U.K. airline says female flight attendants can drop makeup
This June 11, 2015, file photo shows Virgin Atlantic's newest aircraft a Boeing 787-9 at Detroit Metropolitan Airport in Romulus, Mich., when Sir Richard Branson, founder and president of Virgin Atlantic Airways, arrived aboard the airplane. (Tanya Moutzalias/The Flint Journal via AP, File)
DALLAS -- Britain's Virgin Atlantic has dropped a requirement that female flight attendants wear makeup, joining other major carriers that have eased their dress and grooming requirements after complaints about turning female employees into sex objects.
Virgin Atlantic announced this week that female cabin crew members can skip the makeup. If they want to keep using lipstick and foundation, they must stick to an approved palette of shades.
An airline executive said the changes -- which also include making it easier for women to pick pants over Virgin's familiar red skirts -- came after listening to employees.

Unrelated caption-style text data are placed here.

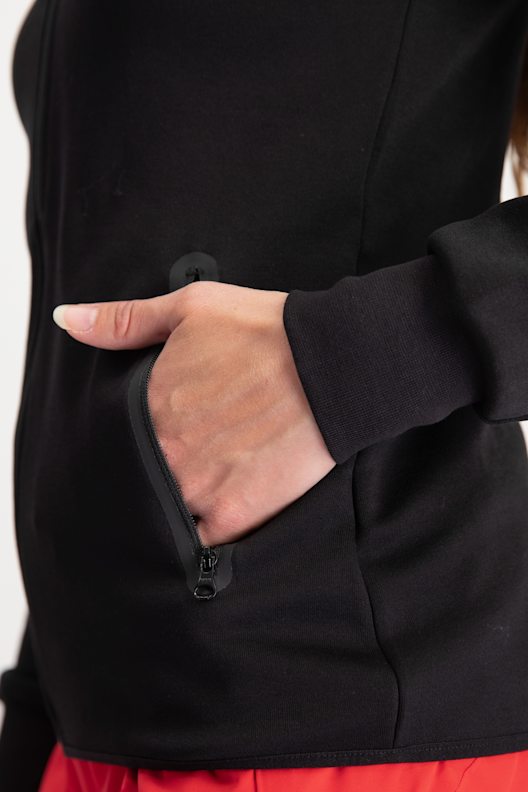 PEAK PERFORMANCE Tech midlayer femmes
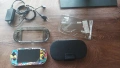 PS Vita OLED 128gv, снимка 2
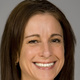 Valerie Schaffer (Total Care Realty): Real Estate Agent in Greensboro, NC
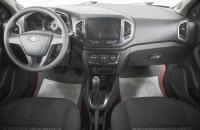 ВАЗ (LADA) XRAY 13 из 23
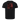 Judge T-Shirt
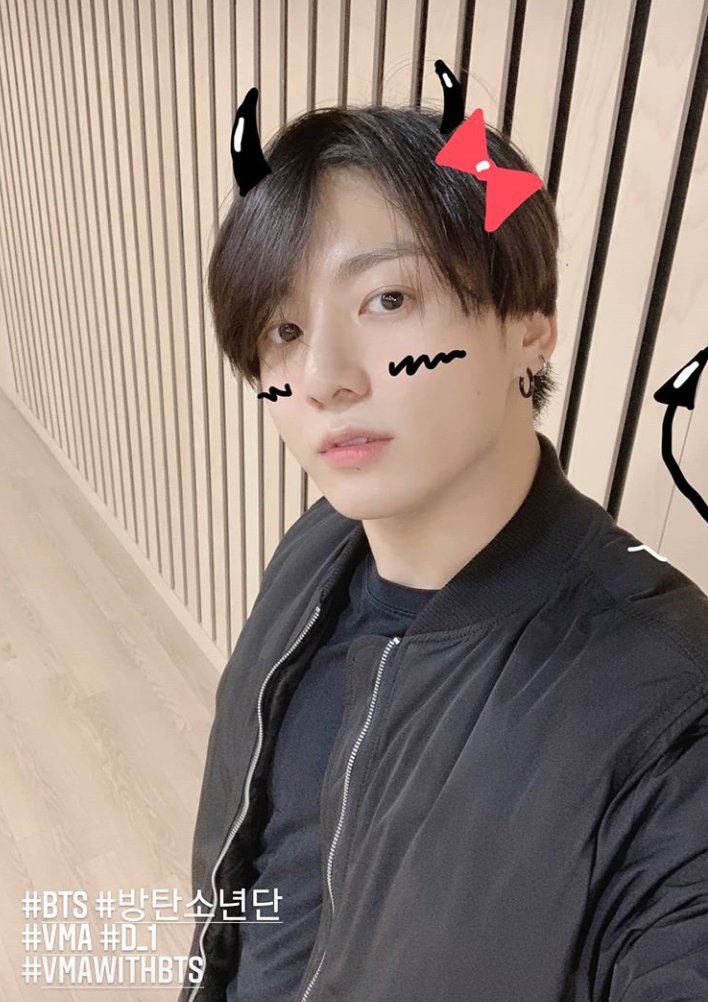 Open this thread and burst your UwUs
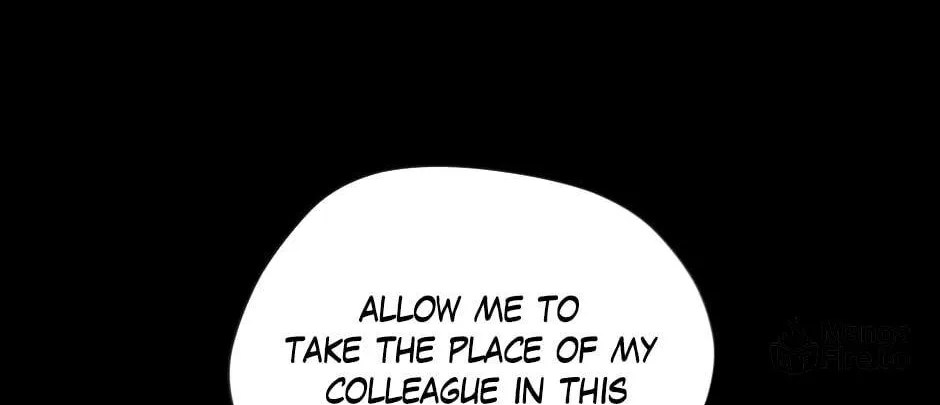 Read The Beginning After the End chapter 93 image 125 on Lezhin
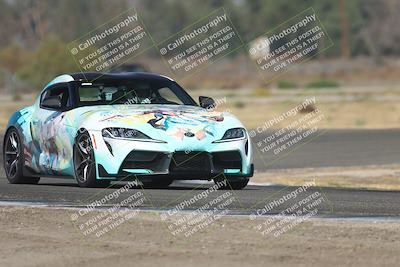 media/Sep-20-2025-Extreme Speed (Sat) [[1fcc23683c]]/Blue (Low Intermediate)/Session 1 (Sunset)/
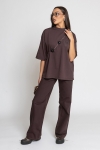 Jeans Nikole 6860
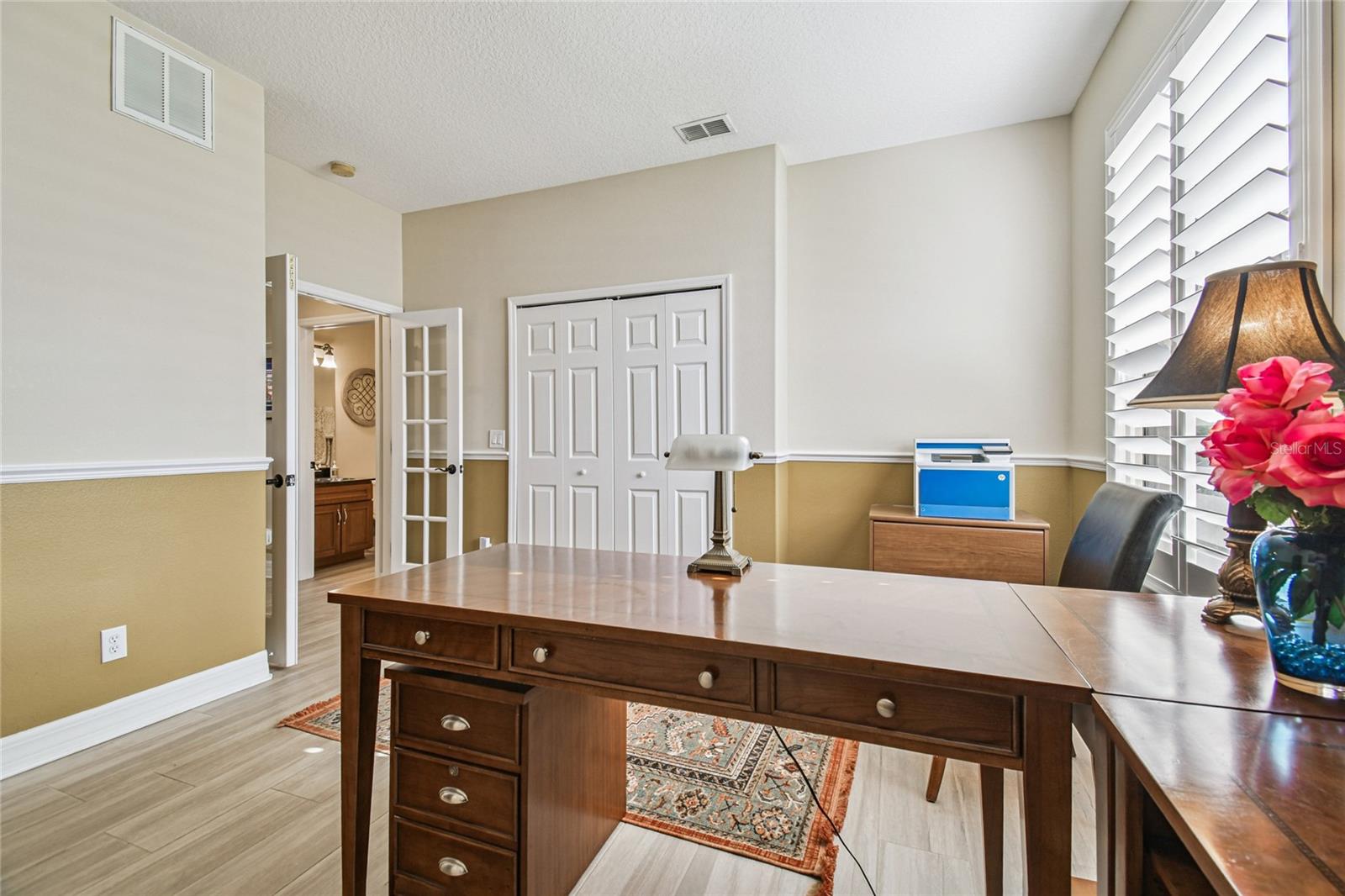 OAKSTEAD PRCL 02 - Residential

"Not only do the new guidelines offer an increased level of comfort, they also provide our team with more choice on how they want to express themselves at work," Virgin Atlantic Executive Vice-President Mark Anderson said in a statement.

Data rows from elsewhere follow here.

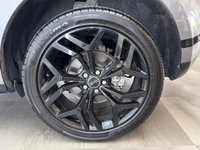 USED 2021 71 LAND ROVER RANGE ROVER EVOQUE 2.0 D165 MHEV R-Dynamic SUV 5dr Diesel Auto 4WD Euro 6 (s/s) (163 ps) 20'' ALLOY WHEELS , FRONT AND REAR PARKING SENSORS , FRONT AND REAR CAMERA ,APPLE CARPLAY / ANDROID AUTO ,  BLUETOOH CONNECTIVITY , CRUISE CONTROL , HEATED SEATS , SERVICE HISTORY - LATEST JULY 2026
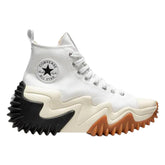 Converse wmns Run Star Motion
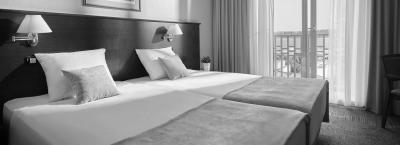 9824839/grand-hotel-portoroz-portoroz-240720-9971-17_1758535151201.jpg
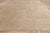 Vintage Turkish Oushak Rug, 06'08 X 09'06 For Sale - Image 9 of 10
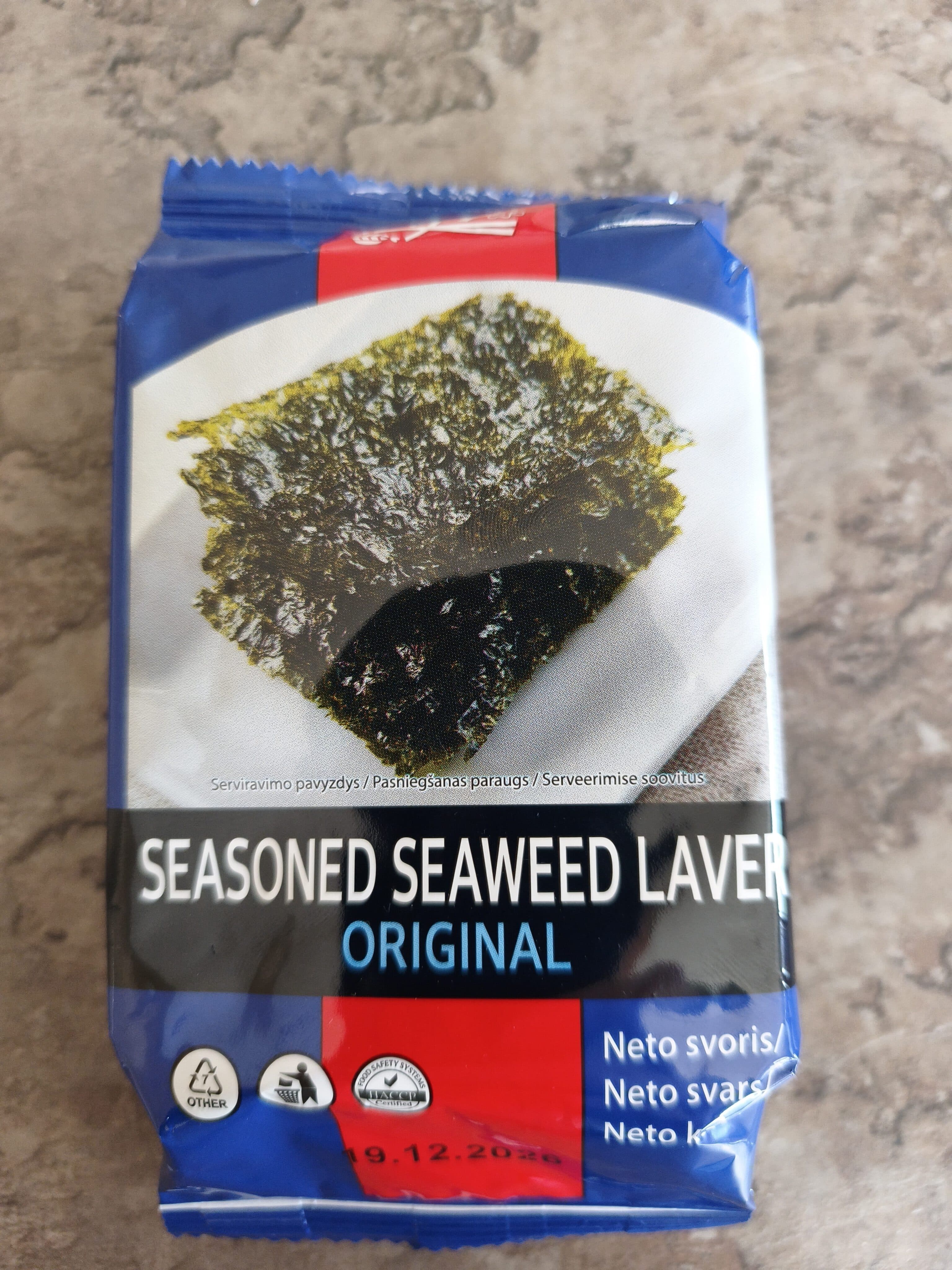 Product 4779048350106 packshot
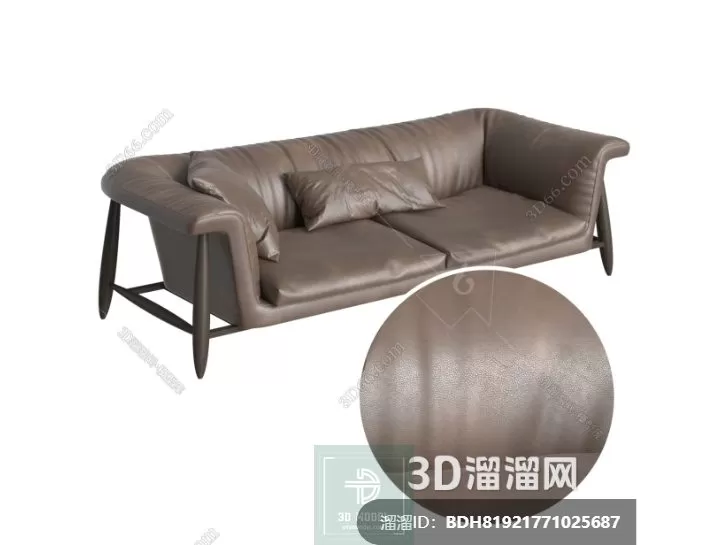 MATERIAL – TEXTURES – LEATHER COTH – 0046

Uniforms are standard for cabin crew on most airlines, but U.S. carriers have come a long way since Southwest famously dressed its flight attendants in hot pants during the 1970s.
Southwest's current policy is typical: Long pants are a uniform option, and makeup isn't required. If crew members wear makeup on the job, it "should be professional, conservative and complement the uniform and the employee's complexion," according to guidelines for flight attendants. Glitter and "eccentric" or "excessively bright" makeup colours and styles are expressly prohibited.
American Airlines tells its flight attendants that if they wear makeup, "it should be tasteful and complimentary to your professional image."
United Airlines, JetBlue and Delta Air Lines said they don't require makeup either.
There have been employee complaints against U.S. carriers over hair styles, with some employees believing they were victims of racial discrimination. Makeup, however, ceased being a major concern years ago.
"When I started, we had to go to makeup class -- and men got the day off," said Sara Nelson, a flight attendant since the mid-1990s and now president of the Association of Flight Attendants union. She said appearance standards at most U.S. carriers now treat men and women more equally.
Objectification of women is still an issue at U.S. carriers. Last year, Nelson's union said its survey indicated that nearly two-thirds of U.S. flight attendants suffered harassment during their careers, ranging from suggestive comments to groping.
Last month, a separate union that represents American Airlines cabin crews objected to a video showing people dressed as flight attendants performing a musical number that suggested American uses sex appeal to attract high-paying passengers. The airline said it had no involvement in the skit.
Appearance standards are stricter for foreign carriers, particularly in the Middle East and Asia.
Some carriers including Malaysia-based AirAsia and Vietnam's VietJet Air have been criticized for putting young female flight attendants in tight-fitting clothes or revealing outfits either on the job or in promotional videos.